Top of PROVIDED MATERIAL

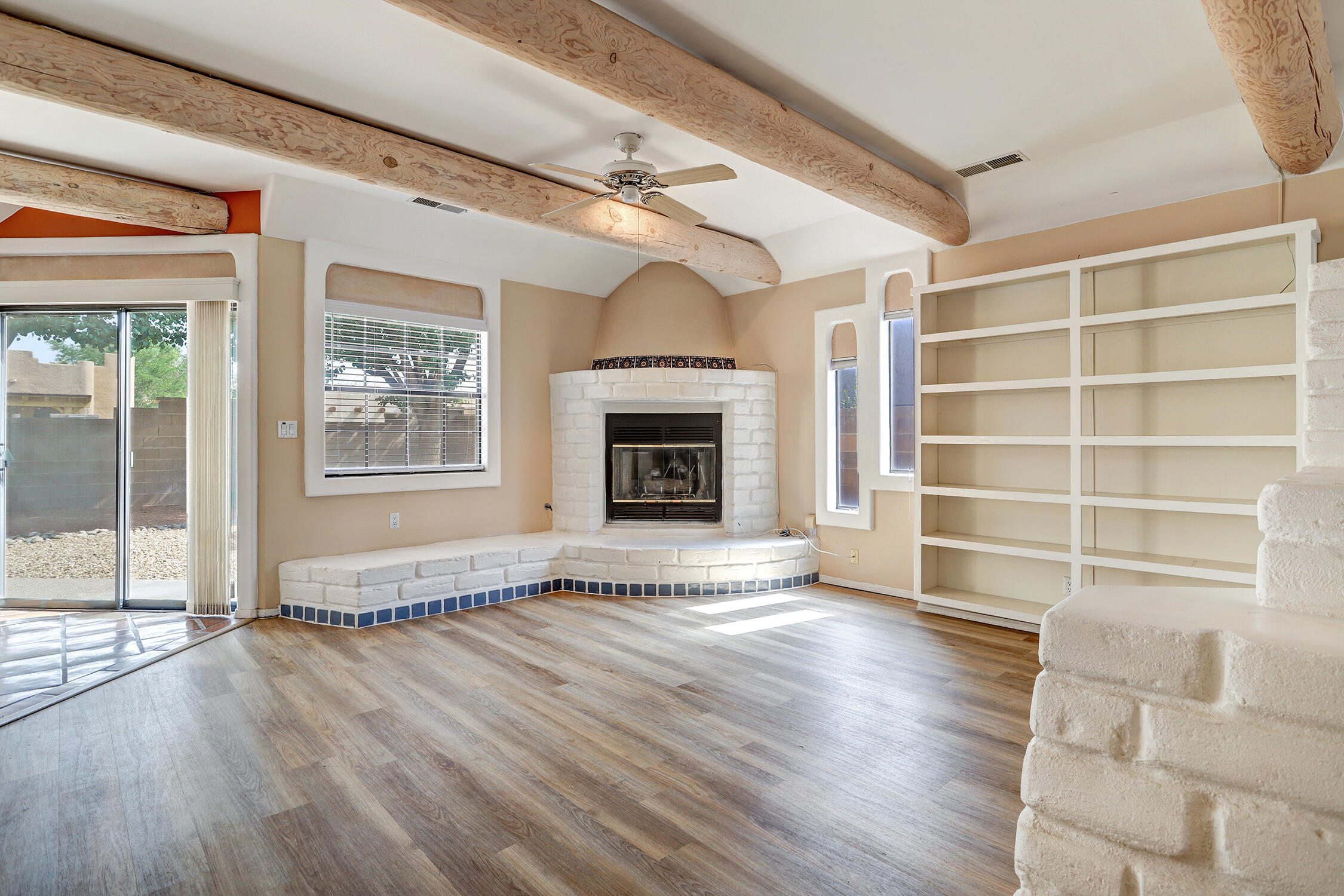 7625 Maplewood Drive NW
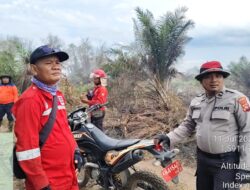 Polsek Matan Hilir Utara Bersama Manggala Agni Dan Warga Lakukan Pemadaman Kebakaran Lahan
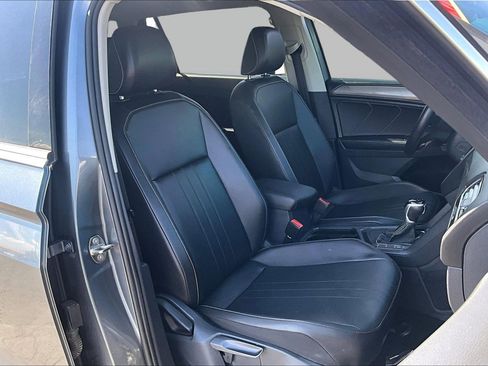 Used 2022 Volkswagen Tiguan SE image 7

Bottom of PROVIDED MATERIAL

▸ **ABOUT THIS EXERCISE**
Reproduce all the data as it stands. The pictures are not part of the copy.

▸ **EXERCISE RESULT**
 7625 Maplewood Drive NW
 Polsek Matan Hilir Utara Bersama Manggala Agni Dan Warga Lakukan Pemadaman Kebakaran Lahan
 Used 2022 Volkswagen Tiguan SE image 7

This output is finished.